On the eve of General Discharge being published, I thought I would share the story of its finding its way into print.
I write poetry about a number of subjects, from nature, to books and movies, to personal recollections about childhood--and the military. After 9/11, I imagined that poetry from a military point of view might be of interest, since we were once again a nation at war. To paraphrase "The Big Short," I wasn't wrong. I was just early (which, as one of the book's/movie's characters retorts, is the same thing.). Most of the military poems I wrote remained unpublished. But others (including musings on nature, books and movies, and recollections of childhood) were picked up by journals from time to time. Still, I continued to write military-themed poems (because I had to).
By 2017, I had over two dozen poems in respectable literary journals. And so I thought I would see if I had enough for a book. I tried organizing the poems around a number of themes. But then, an interesting thing happened. In 2017, my military-themed poems found an audience. A number of them were published all at once. And so I thought that their time might have finally come, and that I might build a book around them.
Why did this happen? I don't know. My guess is that it had something to do with the 2016 election. And as people realized there were large swaths of the American population they had never met, some journal editors decided to introduce their readers to these other people through my poems. I know the poems themselves hadn't changed. And one of them ("Compline, Camp Casey") had been around--and submitted to journals--for over 25 years before being published last summer.

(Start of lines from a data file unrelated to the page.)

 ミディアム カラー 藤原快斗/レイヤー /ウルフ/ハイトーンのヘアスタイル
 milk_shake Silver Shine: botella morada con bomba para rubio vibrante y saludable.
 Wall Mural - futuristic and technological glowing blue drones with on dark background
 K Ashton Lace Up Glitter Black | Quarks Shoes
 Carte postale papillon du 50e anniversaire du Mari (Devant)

By August of 2018, I had a book that I felt good about. So I sent it out to a few small publishers. One of them was Blackstone Books. Within a month, I heard back from Larry Moore, the publisher--and it was, as I had come to expect, a rejection letter.
But it was the kindest, the best rejection letter I have ever received. He thanked me, of course, and he said that he really liked the book. He even quoted lines of my poems to me (which I took as high praise). And then he let me down softly, saying that as much as he liked it, it didn't make his cut. But then, in act of generosity, he suggested I contact Fomite Press, as Broadstone and Fomite share an author in common, and he thought my work might be a better fit there.
This was a rejection truly worth embracing.
And so I contacted Marc Estrin, and I sent him a sample of the book. He liked what he saw, and he asked to see the whole book. And we made a match.
I am very pleased with the whole process of working with Marc Estrin and Donna Bister at Fomite. I think Larry was right that this was where my book belonged. But it would have taken me much longer to find them (if I ever did) without the act of kindness and the sense of belonging to a community shown by Larry Moore at Broadstone. Thank you!